The Book of Common Prayer preserved the monastic tradition of reciting the whole Psalter, over the course of a month. This gives a random selection, rehearsing the different moods and experiences of human beings before God. But reciting the whole Psalter in course was not the primitive practice, nor does it take any account of the suitability of certain psalms to certain days or seasons, let alone their traditional points of reference.
So alongside the tradition of reciting the psalms in course has developed a pattern of special psalms of choosing certain psalms for certain days and seasons, to help reinforce the mood and rhythm of the liturgical year. This is a pattern which has re-emerged in recent years for a number of reasons. It is clear that the early forms of Morning and Evening Prayer used only a limited number of psalms and used them appropriately to the time of day, if not to the season. A vestige of this survives in the traditional psalms for Night Prayer 4, 91 and 134 -- and for good reason: if the same psalms are repeated frequently, they can be learnt by heart (which was a necessity in the case of Night Prayer, as it was said in the dark) and then prayed rather than read.
However, it is not just for archaeological reasons that we are proposing to move to a more selective pattern. If we are serious about encouraging the whole Church to pray the Office, then we must consider the appropriateness of the chosen psalms as well as the quantity. For a start, there are certain psalms which are repeated regularly each day of the week, or each season: each Thursday morning, for example, and each day in Epiphanytide, begins with Psalm 67. Then there is a regular repetition of certain psalms in certain seasons: Psalms 33, 105, 114, 118 and 136 come round regularly in the weeks of Eastertide, but in the weeks of Advent, 50, 70, 76, 80, 94 and 130, repeated each week, give a different flavour and enable the worshipper to become familiar enough with them to pray them.
These are only examples, but they serve to illustrate a different emphasis in using the Psalter. Not every psalm is used and several psalms are used more than once.
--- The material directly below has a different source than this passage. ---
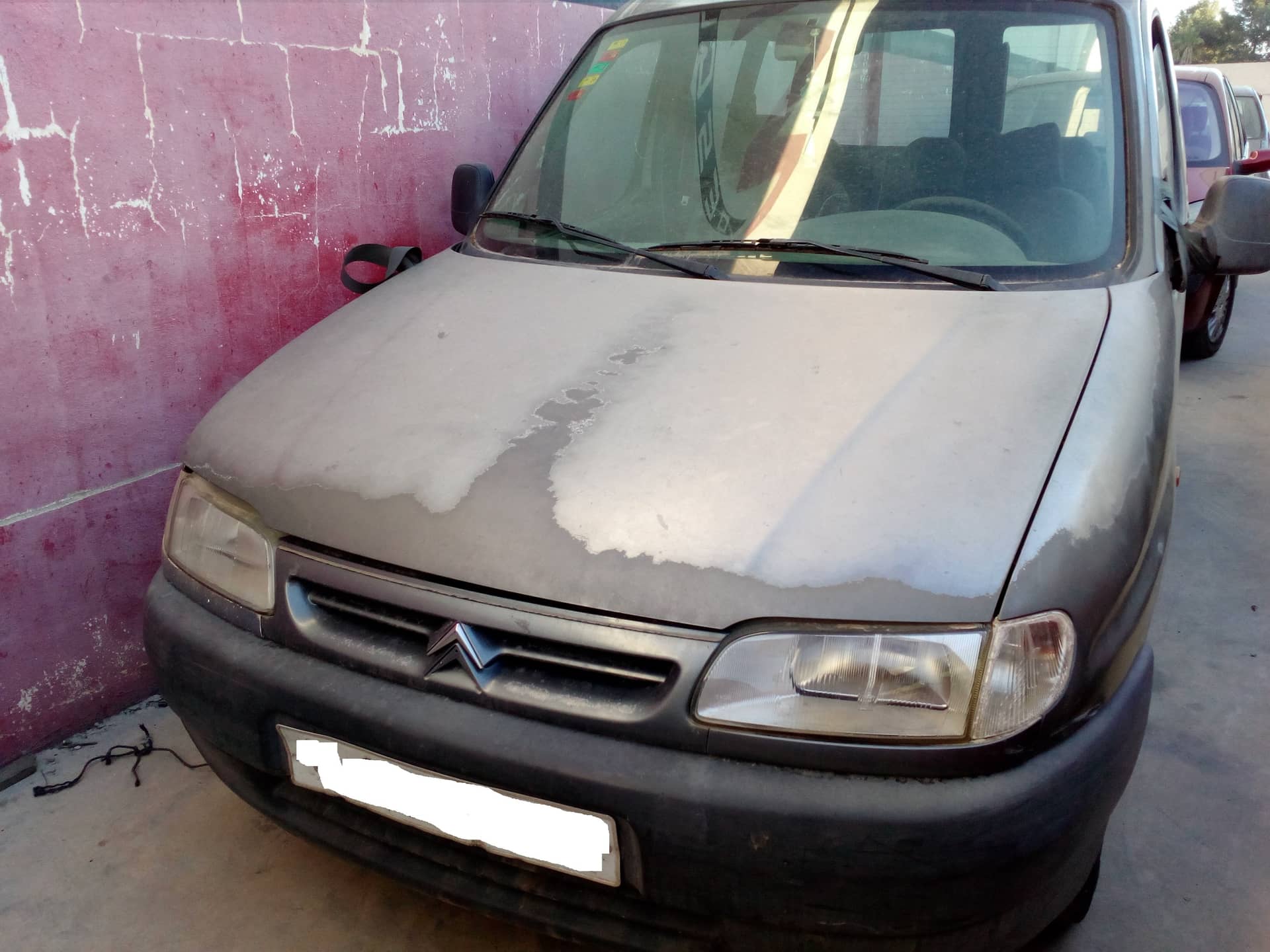 Citroen Berlingo (1996->)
This may sound strange to those who are used to reading the Psalter through in course, but no one would dream of singing all the hymns in the hymn book, let alone do that in numerical order; instead, we choose appropriately to the day and season.
Our principle in choosing the psalms for regular recitation is to select only those which help us to worship God. Some psalms are omitted entirely as being unsuitable for worship, of which the cursing psalms are an obvious example. Also omitted are a number of the longer historical psalms, whose narrative style makes them unwieldy in full and difficult to divide, without giving an incomplete story. Others are linked so strongly with a particular day (Psalm 22, for example) that they only appear once a year.
None the less, the whole Psalter is printed, together with appropriate psalm prayers, so that those who wish to make a more traditional selection or those who wish to use more psalmody can readily do so. Provision for doing this in Ordinary Time is given in the table on page 688.